Provided material:
((

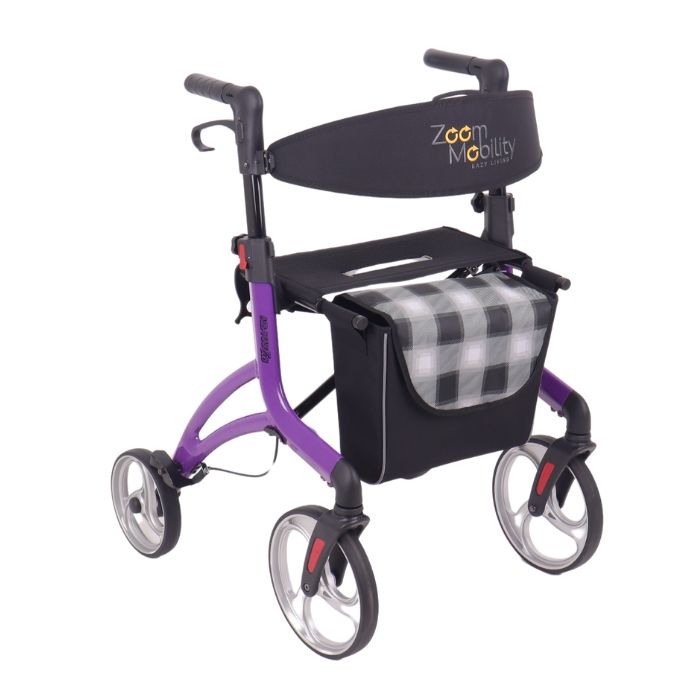 front view of the top gun airmax z08 rollator walker in purple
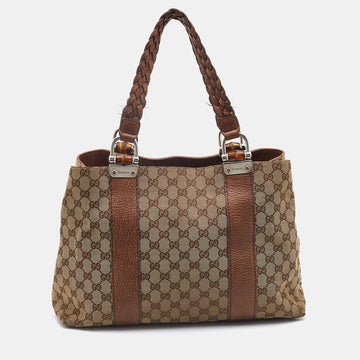 GUCCI Beige/Brown GG Canvas and Leather Medium Bamboo Bar Tote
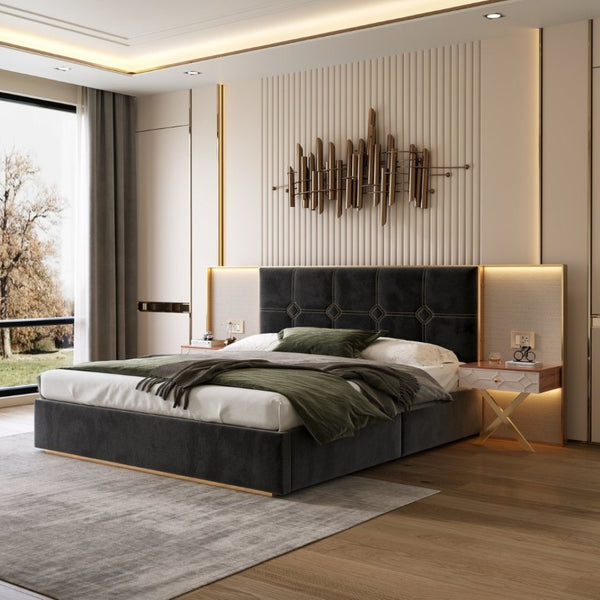 English Elm Luxurious California King Velvet Tufted Bed with Built-In LED Lamps and Floating Nightstands W1793S00037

))

Exercise aim:
Retype all the data exactly. Omit pictures.

Output of the exercise:
 front view of the top gun airmax z08 rollator walker in purple
 GUCCI Beige/Brown GG Canvas and Leather Medium Bamboo Bar Tote
 English Elm Luxurious California King Velvet Tufted Bed with Built-In LED Lamps and Floating Nightstands W1793S00037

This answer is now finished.